Kenneth A. Toltz says
Very well done Maayan. These are important stories which must be told and fuel the massive military reform required after the catastrophic failures of the IDF, which led up to the carnage of Israel’s best young people, who served with nothing but honor and dedication.
LISA J BRINNER says
I want to help & give full recognition & honor the brave but shamefully neglected women & men who tried but lost everything on October 7, 2023. Sadly adding my voice to join the ever-growing stream of people who will keep them alive forever!
Mitchell R Miller says
Everyone in the chain of command, from the Prime Minister to the CO of the observer post should have resdigned in disgrace. Or even better, shot himself.
Gail Farrington Breakey says
I believe that this was deliberate. That Israeli leaders wanted to create a pretext for attacking Hamas and Hezbollah, for settling the problem of on-going terror attacks into Israel. They knew what was going on, and stood down. i’s an old tactic…( worked on 9/11 as well)… Elsewhere I read that soldiers never came to rescue of the people on kibutz for 8 hours??? That is insane! Where were the soldiers, helicopters??? they could have gotten there in half an hour from wherever they were ; Israel is not a big country… easy to blame it on not believing the women.

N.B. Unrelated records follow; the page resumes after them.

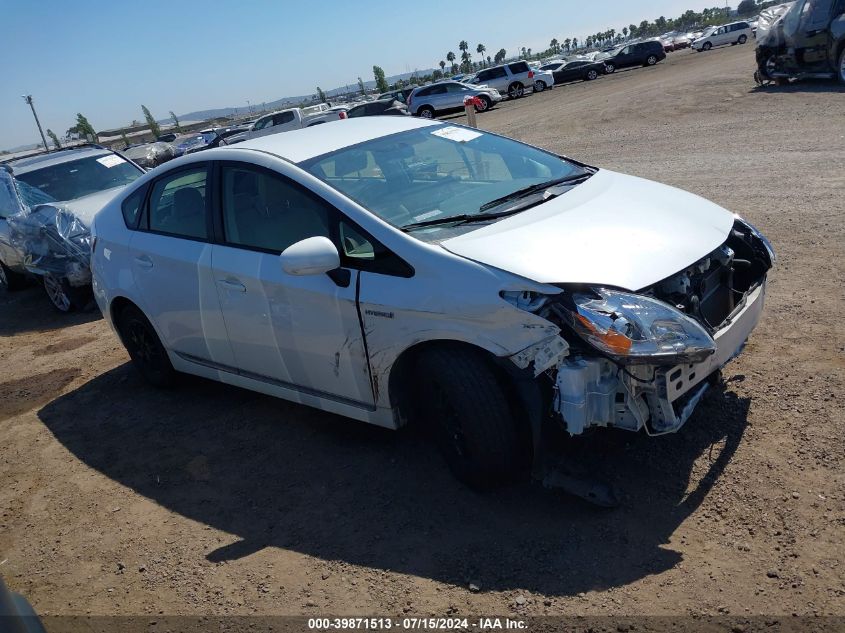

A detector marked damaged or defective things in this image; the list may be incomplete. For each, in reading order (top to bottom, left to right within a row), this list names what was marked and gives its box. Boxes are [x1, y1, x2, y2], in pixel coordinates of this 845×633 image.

damaged white car with tarp [0, 146, 143, 308]
damaged white car with tarp [90, 119, 772, 494]
broken headlight [556, 288, 716, 366]
damaged front end [504, 217, 776, 434]
crumpled front bumper [552, 280, 768, 434] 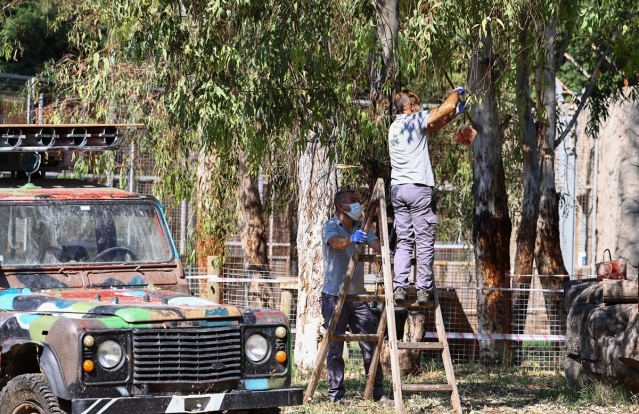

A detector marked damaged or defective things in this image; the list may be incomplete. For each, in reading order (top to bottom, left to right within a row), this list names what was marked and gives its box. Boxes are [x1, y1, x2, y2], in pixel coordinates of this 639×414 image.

rusty land rover [0, 123, 302, 414] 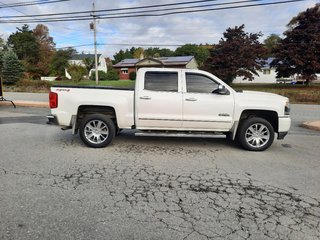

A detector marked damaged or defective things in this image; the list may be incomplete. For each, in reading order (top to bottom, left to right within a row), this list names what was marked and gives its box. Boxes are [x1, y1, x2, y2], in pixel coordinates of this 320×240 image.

cracked asphalt [0, 106, 320, 239] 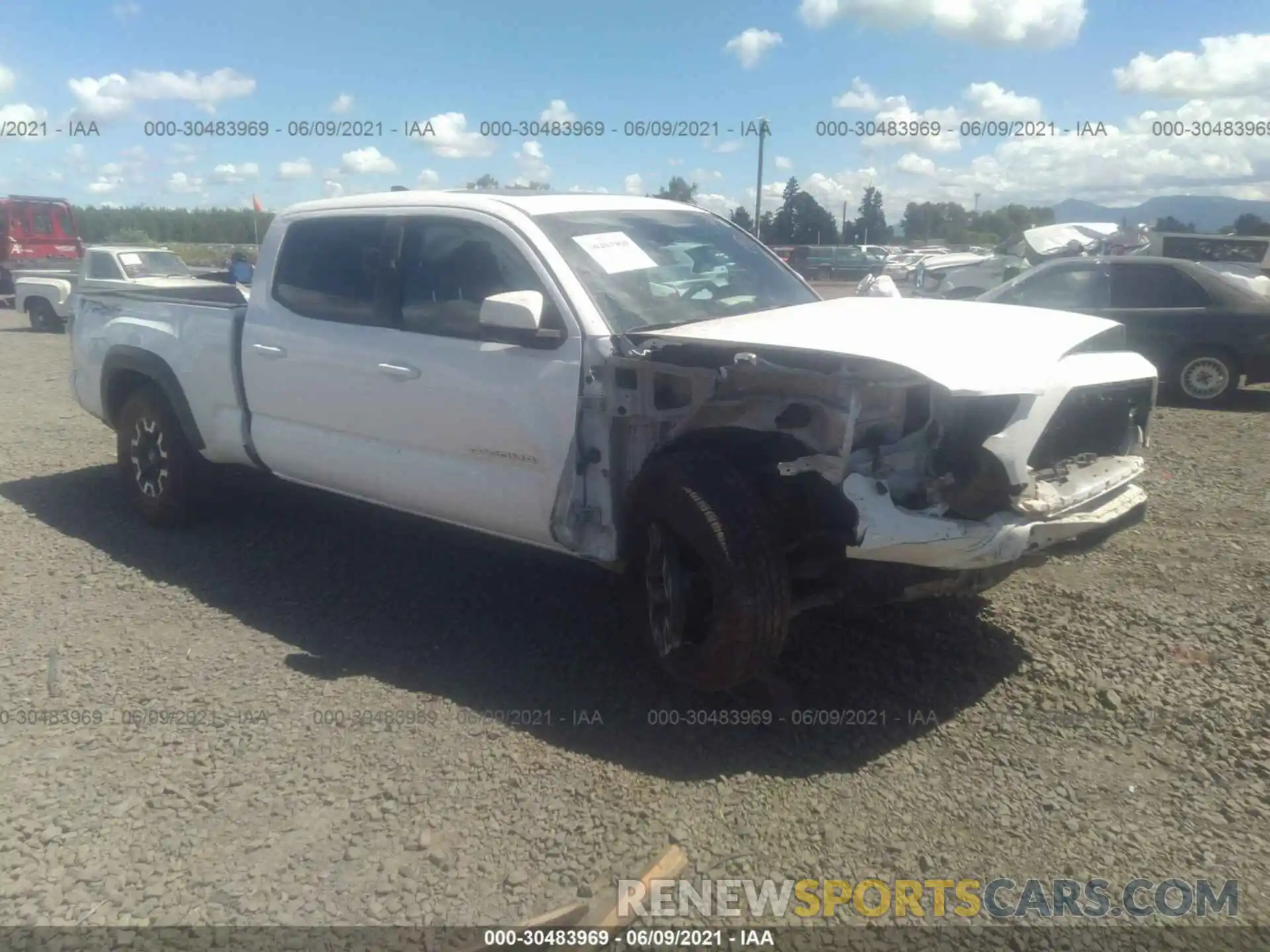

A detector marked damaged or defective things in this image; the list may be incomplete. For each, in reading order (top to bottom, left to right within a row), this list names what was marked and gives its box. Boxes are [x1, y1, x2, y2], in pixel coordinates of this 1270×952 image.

crumpled hood [630, 298, 1138, 394]
severe front-end damage [561, 298, 1154, 606]
missing front bumper [841, 473, 1154, 569] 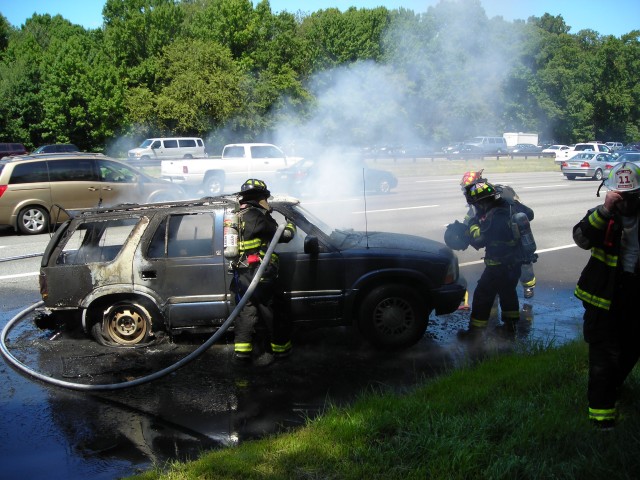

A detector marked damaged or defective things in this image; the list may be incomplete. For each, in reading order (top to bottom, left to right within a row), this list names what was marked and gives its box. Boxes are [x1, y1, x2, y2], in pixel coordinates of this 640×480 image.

burned tire [17, 205, 49, 235]
charred car body [38, 197, 464, 350]
burned suv [40, 195, 468, 348]
burned tire [92, 300, 154, 344]
burned tire [358, 284, 428, 348] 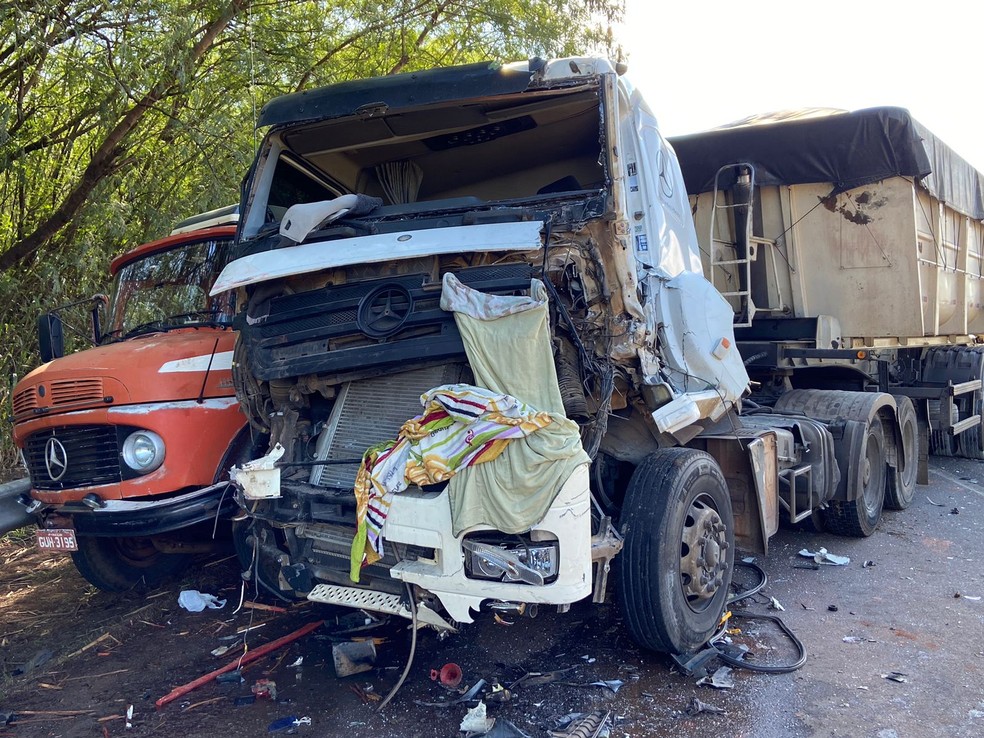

Gail Farrington Breakey says
Another similar report??? Well….
Gabriel says
According to Israeli pro Palestinian activists, there is evidence that the Oct. 7 Security failure was not incompetence, but rather, they were ignored by design; the Oct 7 attack was a necessary evil as an excuse to move forward with the Grater Israel expansion project. Unbeknownst to these soldiers who dutifully did their jobs, they were sacrificed for the greater cause. It’s no secret that Israel funded Hamas, as former Israeli officials have openly acknowledged Israel’s role in providing funding and assistance to Hamas as a means of undermining secular Palestinians from making progress for a two state solution. Israel wants that land and needed a major conflict to erupt in order to move forward; what is unfolding right now is part of the plan. The next step is to trigger war with Iran and masterfully involve the United States in waging war to annihilate Iran. Read Milo Peled, Norman Finklestein, Ilan Pape, etc to see the big picture. Israeli security monitoring on Oct 7 did not fail, rather the failure to act upon what the soldiers were reporting was part of the plan; military political strategy is about the greater picture, and sacrificing soldiers is part of the strategy; they get honored with a plaque.